Short text fragments from websites

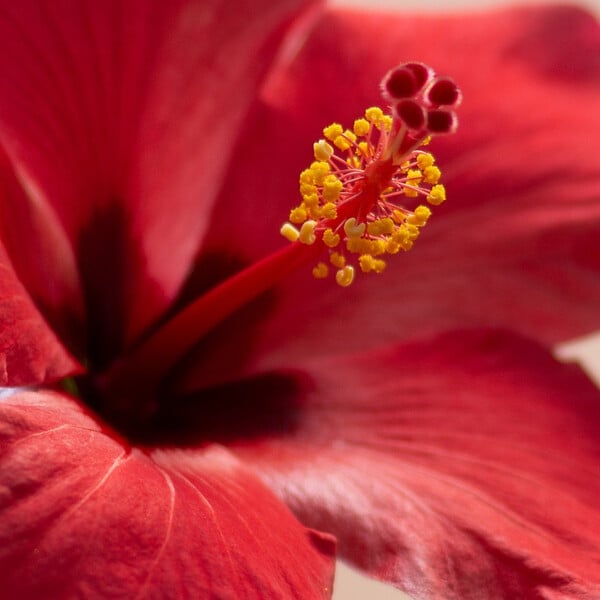 PLANT IN A BOX - Hibiscus de Chine - Hibiscus rosa-sinensis - Hauteur 40-50cm - Pot 17cm - large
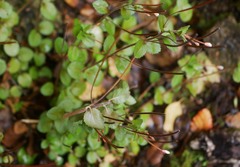 Epilobium rotundifolium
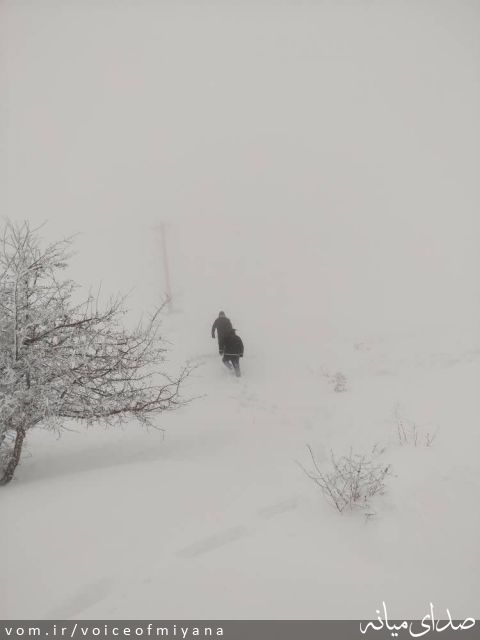 تصویر صدای میانه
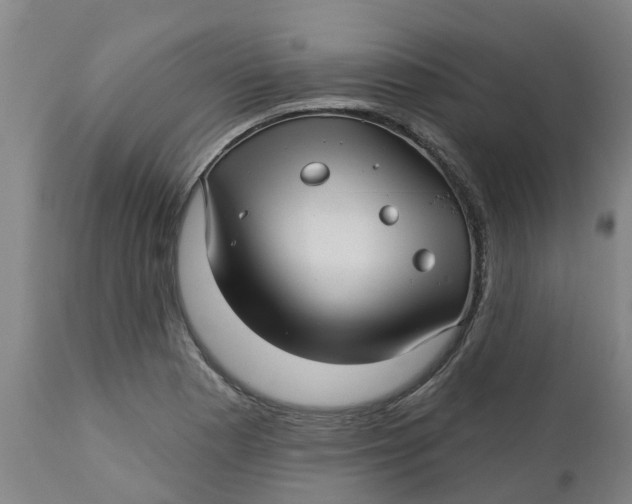 X0000112461177200909071103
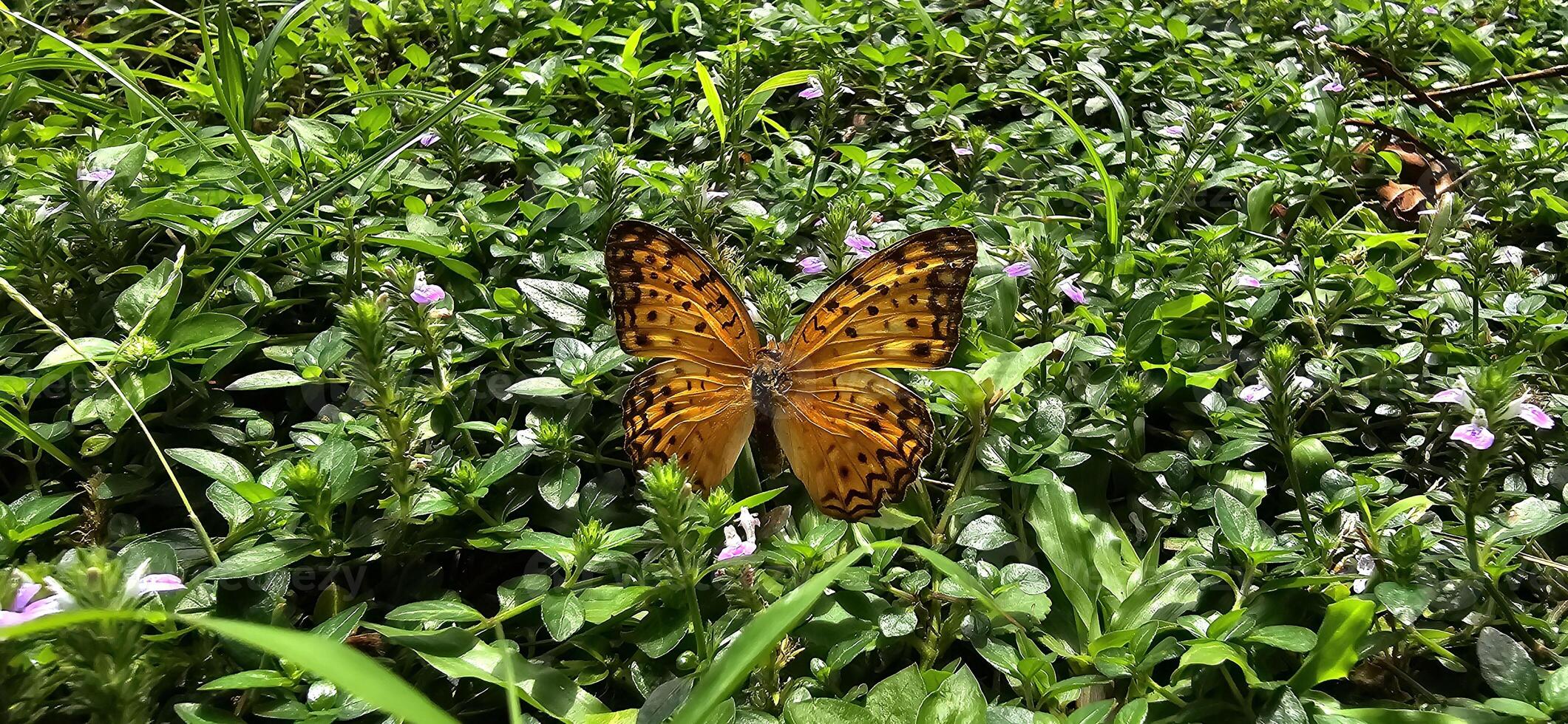 Beautiful butterfly in green and flowers with soft focus, in spring on green background, macro, amazing elegant artistic image beauty nature photo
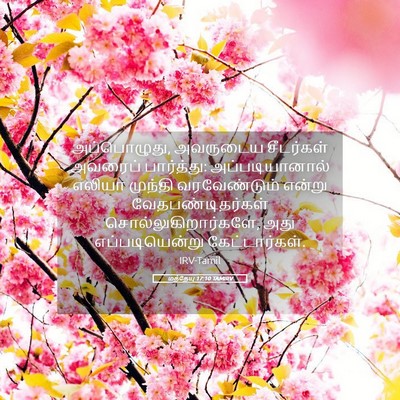 Picture 05 - மத்தேயு 17:10 TAMIRV - அப்பொழுது, - Bible Verse Picture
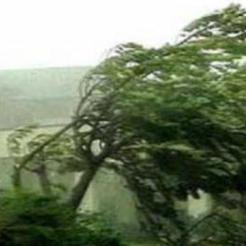 МЧС предупреждает южноуральцев о сильном ветре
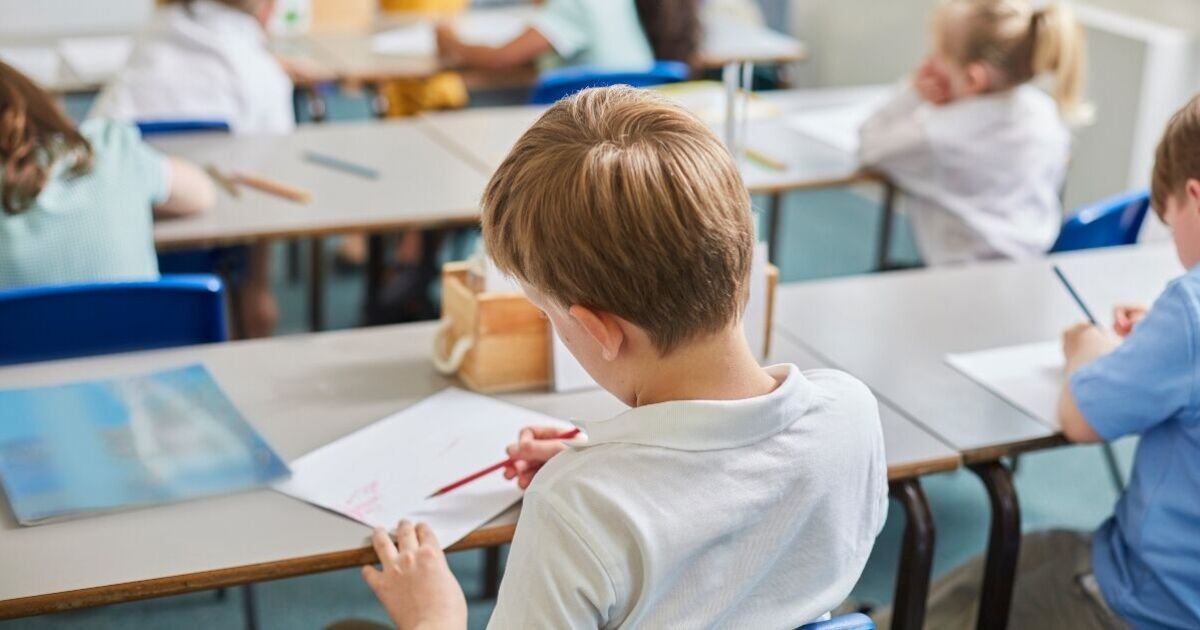 Debate Rises Over Primary School Gender Transition Rights in the UK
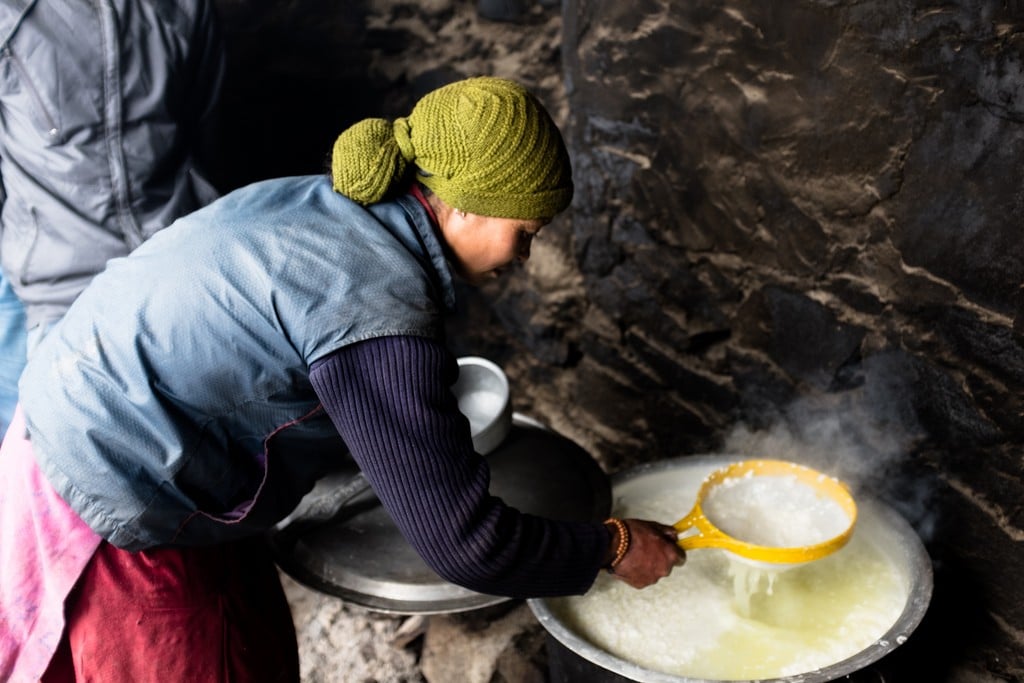 Preparation of Yak Cheese from Yak Milk- Bests food to try in Leh Ladakh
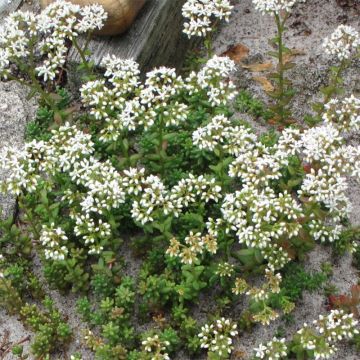 Fetthenne Coral Carpet - Sedum album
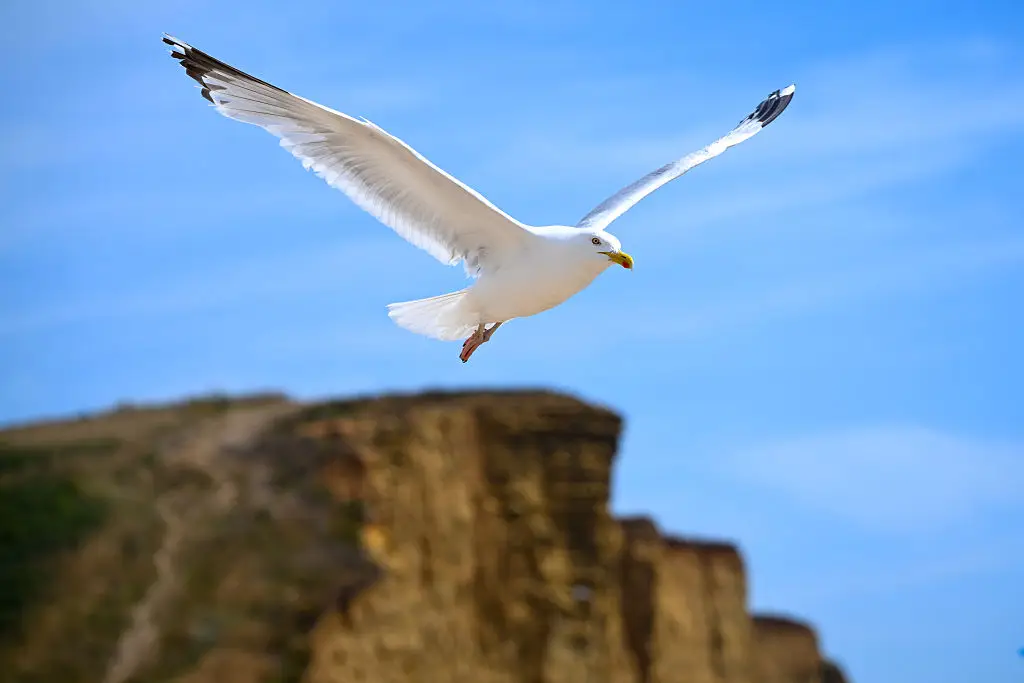 Seagulls are protected under law (Finnbarr Webster/Getty Images)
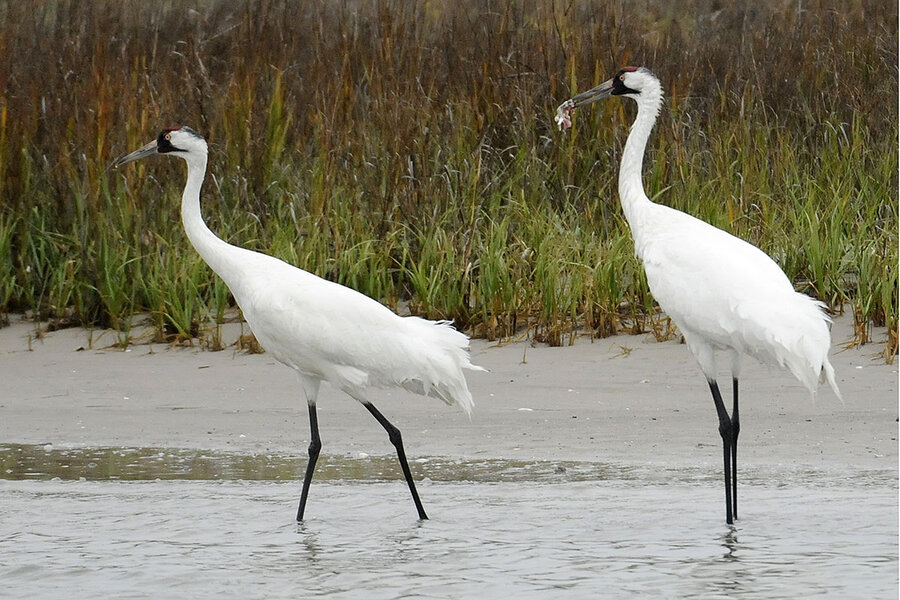 Endangered cranes make a comeback in Texas and Louisiana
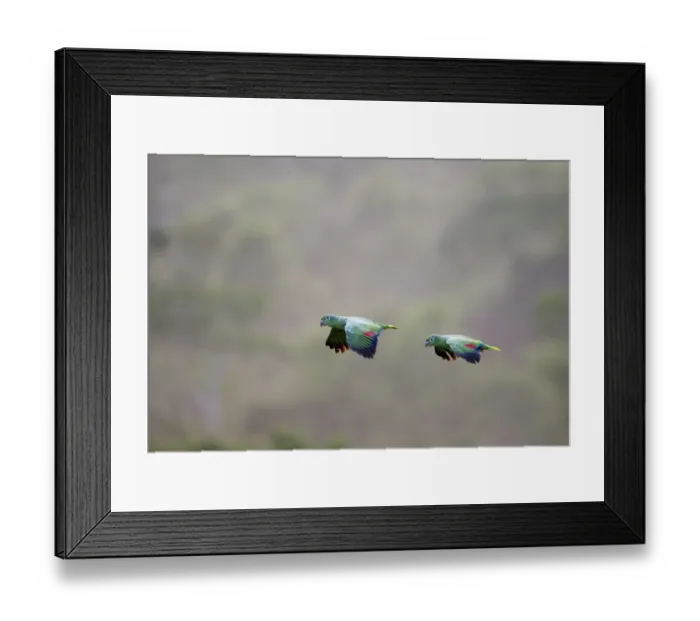 Framed Print : Mealy Parrot Amazona farinosa flying above the canopy of the Amazon Rainforest Tambopata Framed Print : Mealy Parrot Amazona farinosa flying above the canopy of the Amazon Rainforest Tambopata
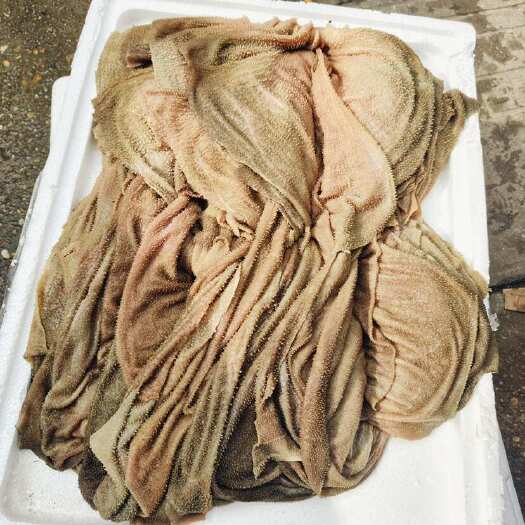 南昌县新鲜牛百叶 优质牛副产品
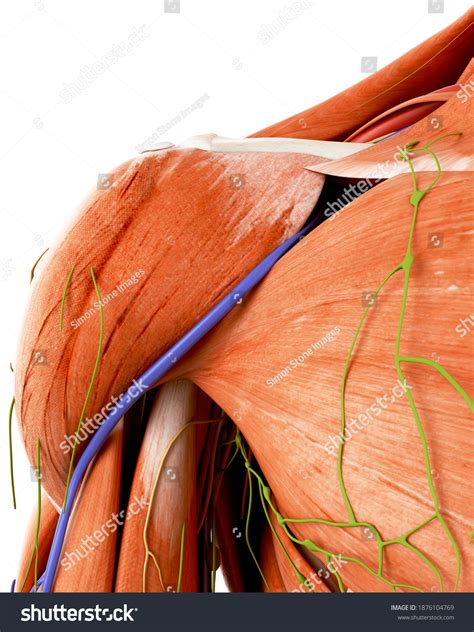 1,464 Anterior Shoulder Anatomy Images, Stock Photos & Vectors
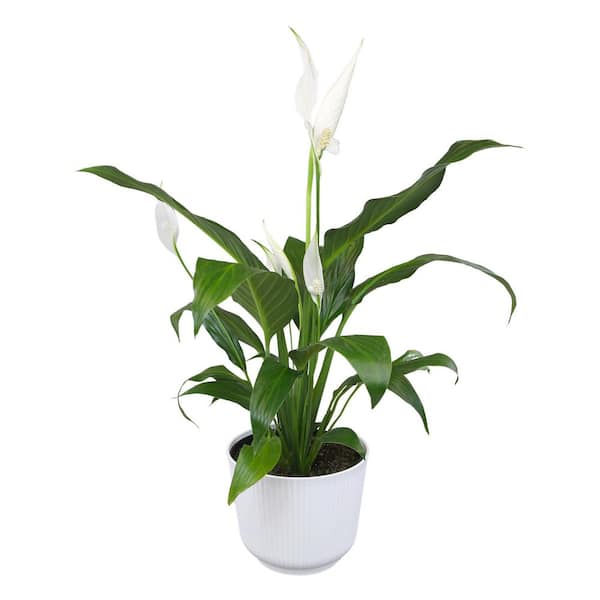 Peace Lily (Spathiphyllum), 6 in. White Decorative Pot, Popular Live Indoor House Plant Gift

TASK
Copy the entries above exactly, but only the stretch from the line containing "Beautiful butterfly in" through the line containing "МЧС предупреждает южноуральцев". Keep both end lines; drop the pictures.

WRITTEN RESPONSE
 Beautiful butterfly in green and flowers with soft focus, in spring on green background, macro, amazing elegant artistic image beauty nature photo
 Picture 05 - மத்தேயு 17:10 TAMIRV - அப்பொழுது, - Bible Verse Picture
 МЧС предупреждает южноуральцев о сильном ветре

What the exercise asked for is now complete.